‘Every Home A Powerplant’: RFK Jr.’s Energy Vision

Independent presidential candidate Robert F. Kennedy Jr.
Independent presidential candidate Robert F. Kennedy Jr. | Image by Kellen McGovern Jones/The Dallas Express

Independent presidential candidate Robert F. Kennedy Jr. was met with uproarious applause as he laid out his vision for energy production and infrastructure during a speech at EarthX in Dallas on Wednesday.

His speech took an approach to environmentalist policy rarely heard in discussions of the issue in the mainstream press, with Kennedy opening by noting that Americans were rightly suspicious of compulsory “top-down environmental policy … because of the COVID [lockdowns].”

“I believe in climate change’s existence, but I don’t think people need to think like me to work with me,” he added.

He then gave an example. Early in his career, he recalled working with fishermen on the Hudson River whom he believed were “hook-and-bullet” Republicans. At the time, there was concern about pollution from several industrial facilities having a deleterious effect on the river. Kennedy said that the fishermen were interested in keeping the waters they sailed clean and protecting the health of the fish their livelihoods depended on, but they “felt alienated from the environmental movement.”

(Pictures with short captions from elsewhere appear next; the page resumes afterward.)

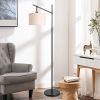 63-inch Black Modern Arc Floor Lamp with Beige Linen Drum Shade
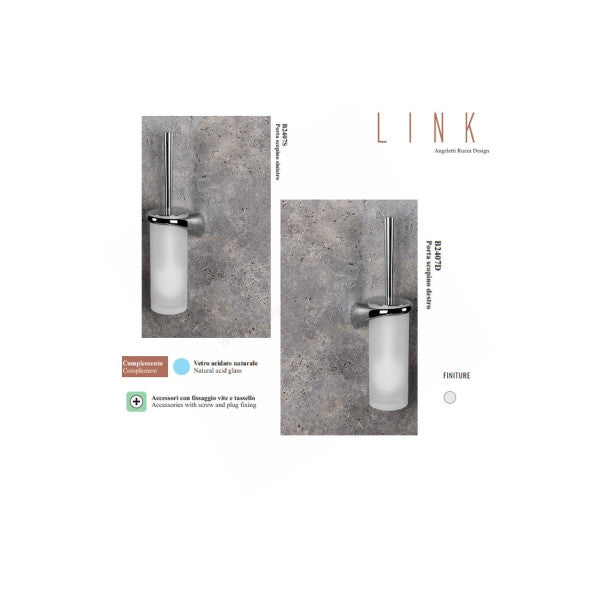 Suporte de escova de sanita cromado Colombo Marine B2407 SX � Acessório de barco durável e resistente à corrosão de Itália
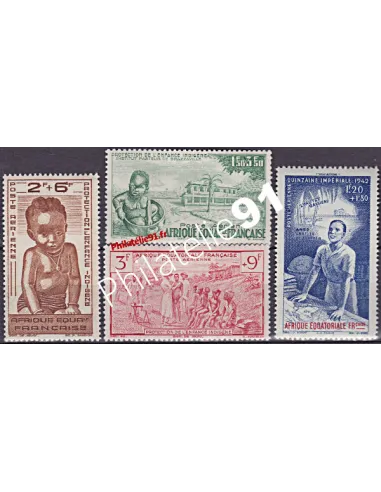 Timbre d'Afrique Équatoriale Française P.A. n° 10 à 13, P.E.I.Q.I.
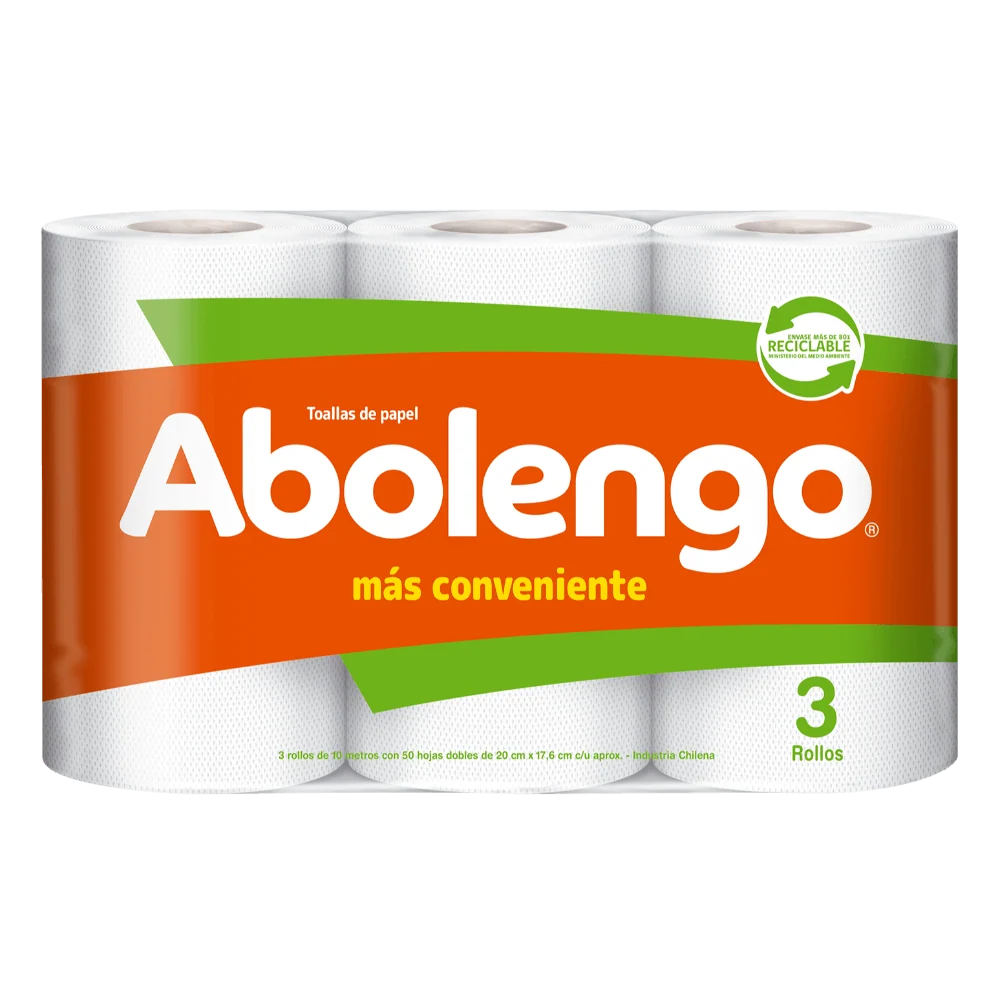 toalla de papel abolengo 3 rollos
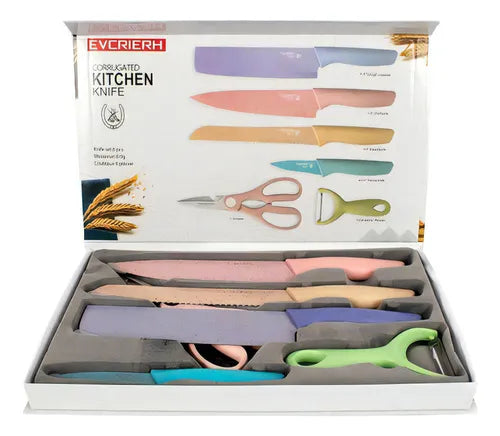 Set Cuchillos 6 Pzs Acero Inoxidable Mármol Mango Ergonómico Color Pastel
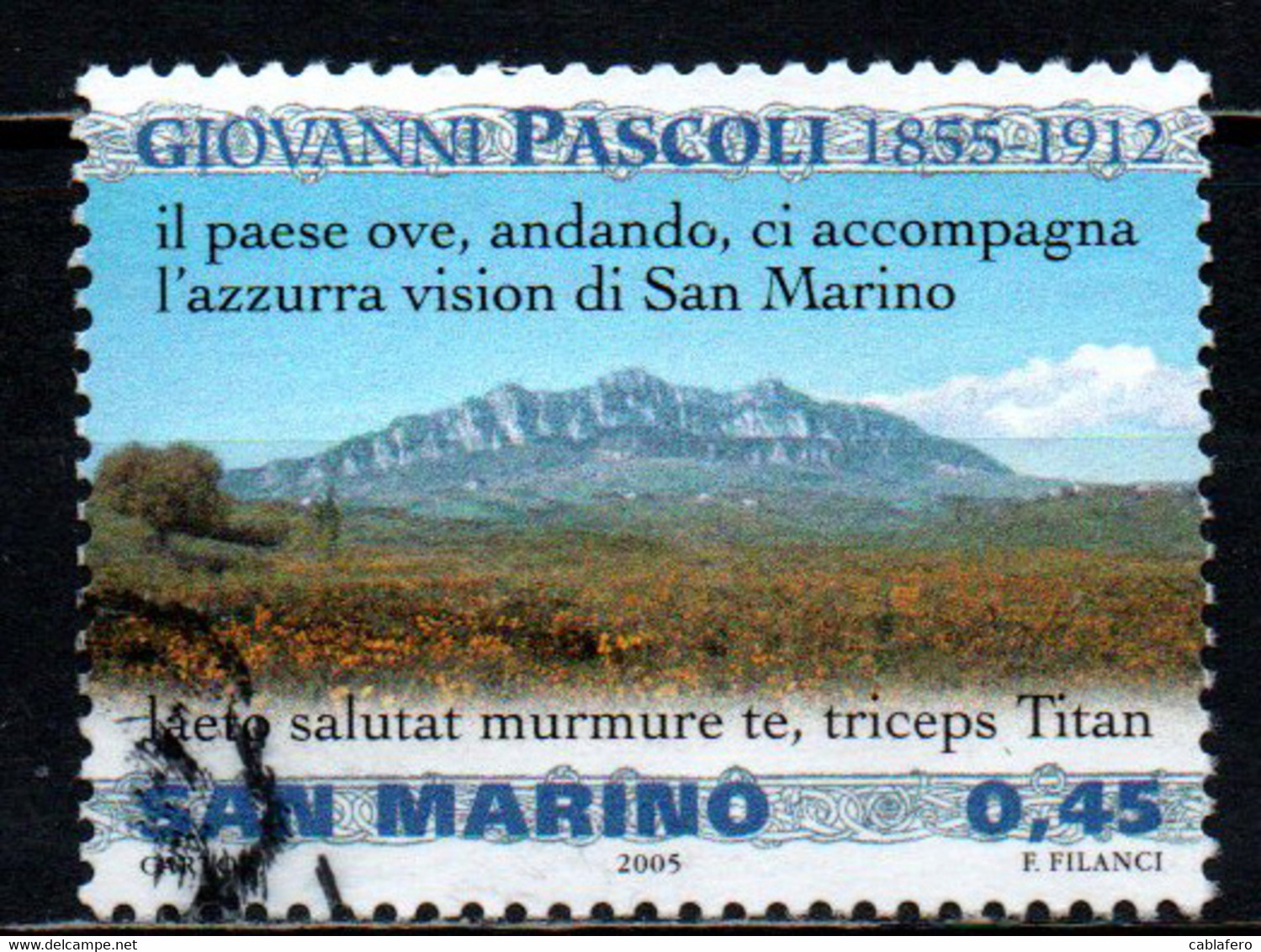 SAN MARINO - 2005 - 150° ANNIVERSARIO DELLA NASCITA DI GIOVANNI PASCOLI - USATO - Usados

Kennedy organized the fishermen into the first chapter of the Waterkeeper Alliance, a now nationwide water protection organization he co-founded. The group sued Exxon for rinsing its oil tanker holds in the river and using water from the Hudson for their refineries. Exxon later paid $2 million in fines and stopped the offending activities.

He then noted that many people feel like the Hudson fishermen felt before they found a place in the environmentalist movement through the Waterkeeper Alliance. He then denounced “carbon fundamentalism,” which he defined as an environmentalist ideology excessively focused on eliminating carbon emissions, as alienating to people who joined the environmentalist movement to protect ocean life and other causes.

“Eliminating carbon emissions won’t matter if the aquifer is dried up … or if we don’t restore depleted, poisoned soil,” he said.

Kennedy then turned to his belief in free markets. This was a point he elaborated on at length, and it was well received by those in attendance.

“We can make energy by burning prime rib if we want to,” Kennedy said, provoking laughter across the audience, but then he noted that doing so would deprive the country of “cheaper, better alternatives.”

He carried this analogy forward to the current state of U.S. energy production. He denounced government regulations and direct and indirect taxpayer subsidies for supporting the fossil fuel industry, which he claimed could not compete against renewable energy resources in a totally free market.

“True free markets promote efficiency, they eliminate waste, and pollution is waste,” the presidential candidate said.

Kennedy supported this point by arguing that while fossil fuel energy may appear cheaper at face value, the cost to clean up its negative impacts is far greater. He pointed to the decimation of the “historic Purple Mountains Majesty, Appalachia … with the richest ecosystems, where bluegrass music was born, where Daniel Boone and Davey Crockett roamed … where 500 of the highest mountain tops in these areas have been flattened.”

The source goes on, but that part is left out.